Choppy versus Trending

Discussion in 'Trading' started by abattia, Dec 1, 2009.

  1. What's your "favorite" way to determine quickly whether the market is choppy or trending?
     
  2. Eye-ball your charts.
     
  3. Isn't that always going to be a bit too "after-the-fact" to be useful; i.e. it tells you that the market WAS trending, or WAS choppy, but doesn't give you any hints about what it might be about to do now (when you are trying to decide whether to go forward with a trending, versus a choppy, set up) ...
     
  4. If you could predict future "trend vs. chop" ie. future volatility that's VERY tradeable information. Therefore it's hard to get.

    "The future might look like the recent past" is somewhat helpful. That's what looking at charts boils down to.
     
  5. Where I am heading is I've read that clues regarding potential future "choppy-or-trending" action can be identified from ...

    ... how the market is reacting around pivot levels, or

    ... E-mini volume at 10:00 am EST, or

    ... etc.

    Has anyone looked at any of these, or anything else, and "had a good experience" with them?

    Thanks
     
  6. You will trade better if you forget about everything but identifying support and resistance. Chop can "trend" and trend can "chop." What counts is where they last were and where they want to go now.
     
  7. piezoe

    piezoe

    If you plot the up volume on the NYSE versus the down volume as two separate lines and do the same for the Nasdaq, you will see on choppy days that the lines continuously diverge and converge ocassionally touching each other, crossing, and interweaving. On trending days one line stays above the other and the lines tend to diverge as the day wears on.

    Naturally there is no certainty that a trending day won't morph into chop, though that is fairly rare, or a choppy day won't morph into a trend -- happens fairly often after 2pm EST.

    Looking at the price chart is as good a way as any however.

    All indicators based on time price and volume lag actual order execution, unless you can intercept orders on the way to being executed.
     
  8. Thanks piezoe (and Bolimono, and The_Big_D) ...
     
  9. I am wondering if there is any precedence here.

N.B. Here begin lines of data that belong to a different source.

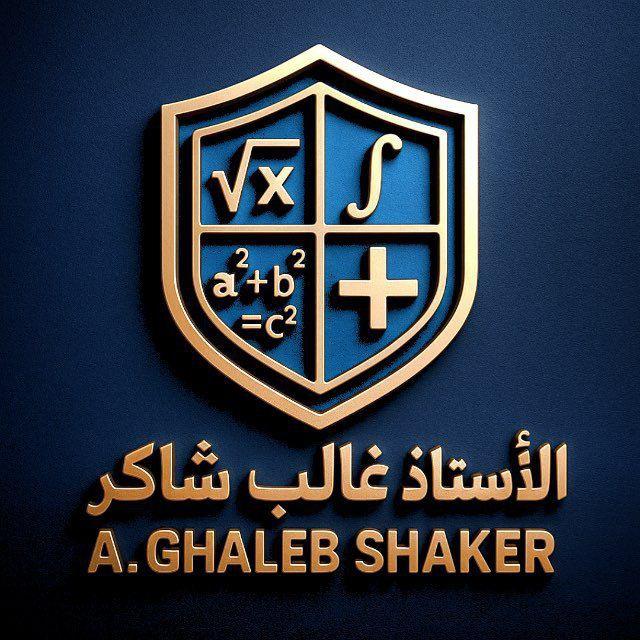 الأستاذ غالب شاكر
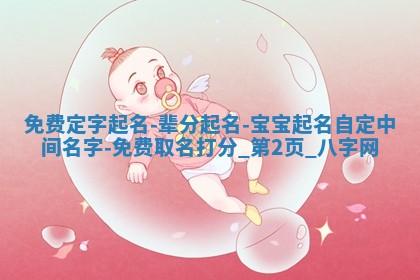 2025年10月05日的打牌财神在哪个方向详解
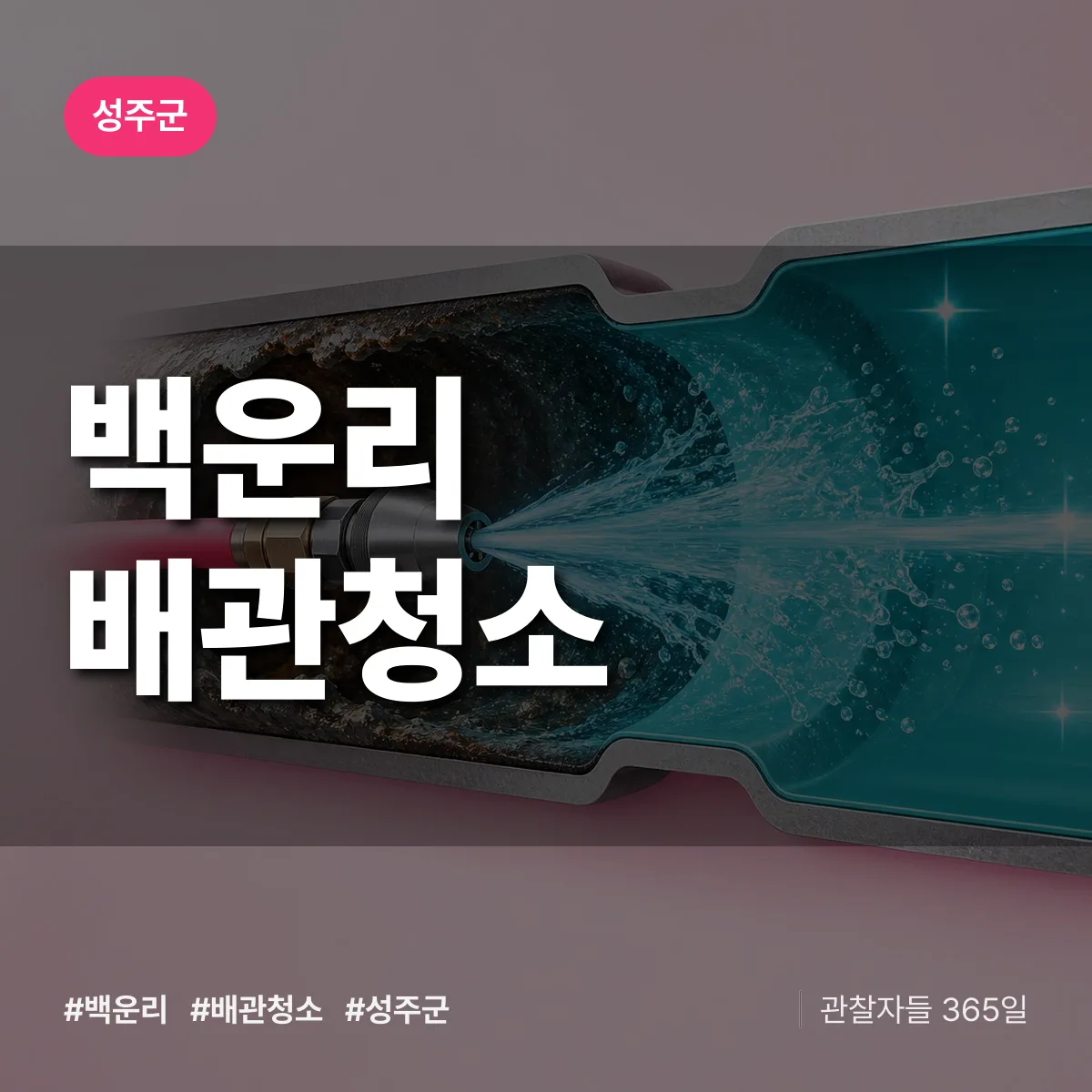 성주군 백운리 배관청소 상담 배너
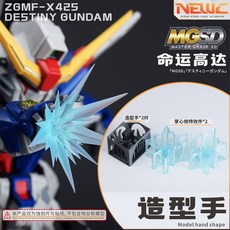 【工匠模型】 新月 NEWC MGSD 命運鋼彈3D改件-含2對造型手 1對掌心炮特效件(素組可選), 1套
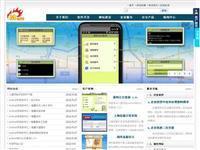 河南省新鄉(xiāng)市聯(lián)通(61.136.101.21) - 托管機(jī)房地圖 - 收錄網(wǎng)址大全,友情鏈接交換,中國最大的網(wǎng)站目錄、友情鏈接查詢引擎 - 站長引擎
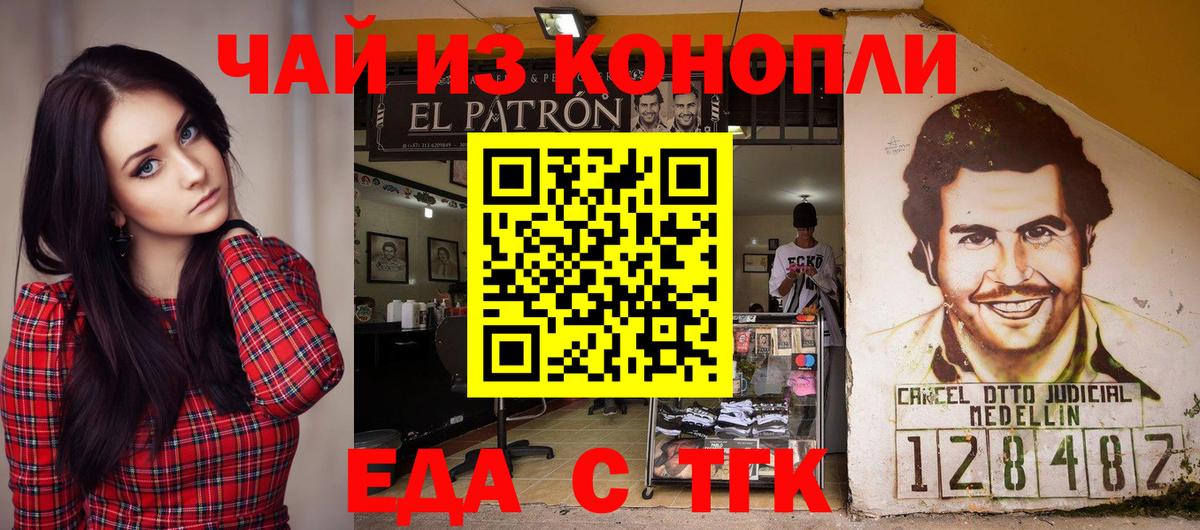 Печенье с ТГК конопля Крымск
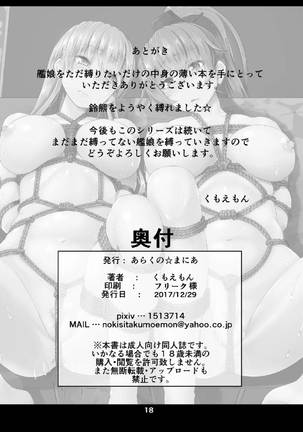 Kanmusu Kinbakuroku ~SuzuKuma Hen~ Page #18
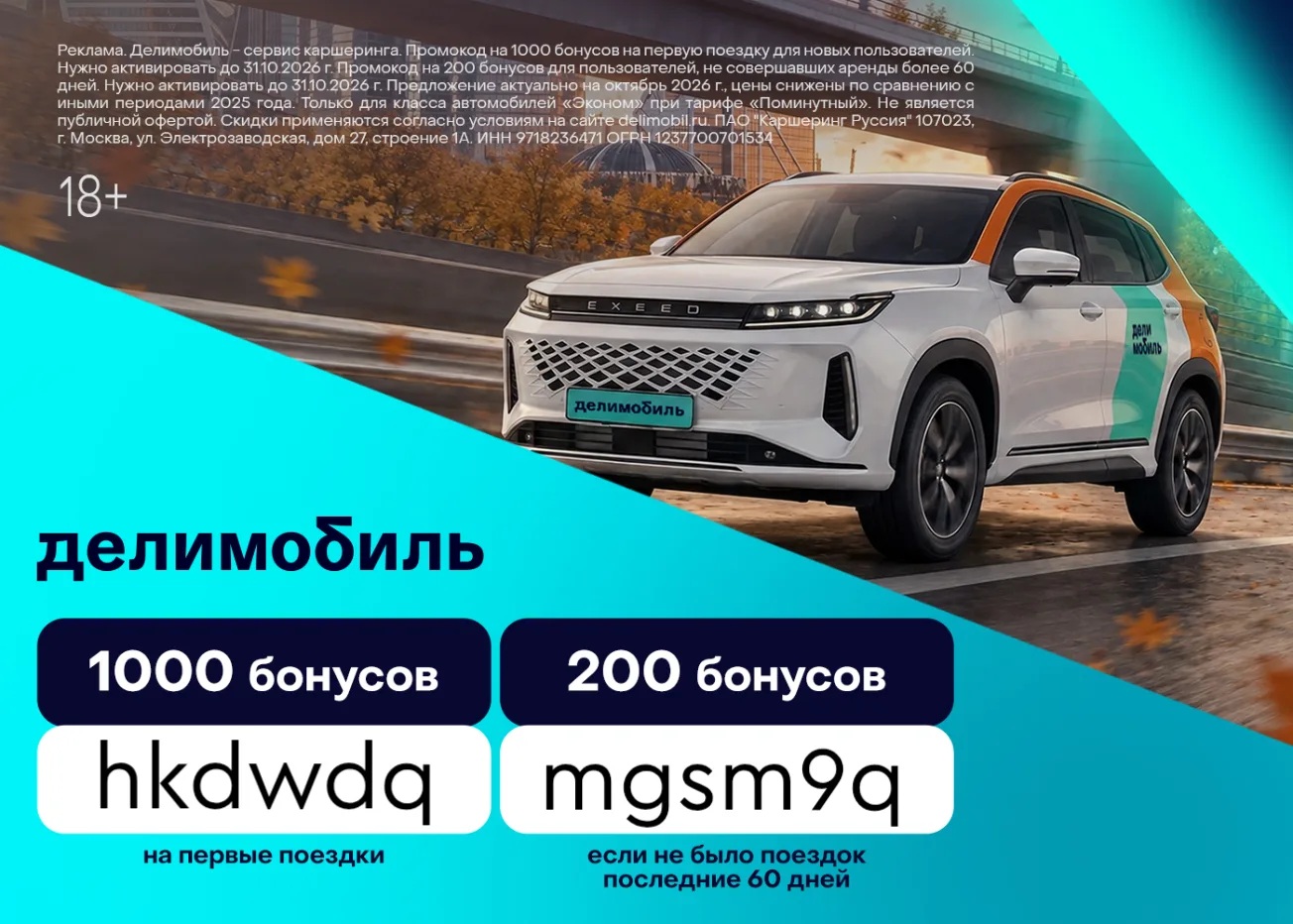 Промокоды в Делимобиль 🚙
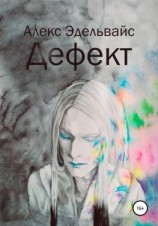 читать Дефект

    (a) The market that has continued to uptrend.

    (b) Volume has continued to downtrend.

    (c) Recently we are repeatedly vacillating with 50-point NQ swings every couple of days or so.

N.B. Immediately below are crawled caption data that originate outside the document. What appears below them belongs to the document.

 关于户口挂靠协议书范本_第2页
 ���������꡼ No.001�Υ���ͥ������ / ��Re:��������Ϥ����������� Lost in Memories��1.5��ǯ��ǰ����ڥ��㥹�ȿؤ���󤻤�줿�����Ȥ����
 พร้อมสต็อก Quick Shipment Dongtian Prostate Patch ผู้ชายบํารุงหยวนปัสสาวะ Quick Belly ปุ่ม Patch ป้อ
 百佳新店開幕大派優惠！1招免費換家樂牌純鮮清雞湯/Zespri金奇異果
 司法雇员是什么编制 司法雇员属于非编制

    Perhaps someone can shed light, from a technical perspective, on whether or not this can be known as:

    <b>Topping action?</b>

    p$
     
  10. 1. ADX breaking above 20 (from below)

    2. Alligator indicator resolves

    3. Guppy moving averages expand

    4. 20 day frqequency distribution on a spreadsheet, rearranged in decending order, thus making a straight line from a choppy one and approximates one month's support and resistance. Breaking S or R suggests trendiness.

    5. Break from a narrow 20 day ATR.

    6. Bollinger width expands.


    Volume? LOL The only volume that counts is your own (but it does satisfy the primal need of safety in numbers). Naturally, since there's another side to a trade, that volume represents order flow and either a aquired or dispensed inventory to the ax. His agenda is generally going to determine IF there's a "trend".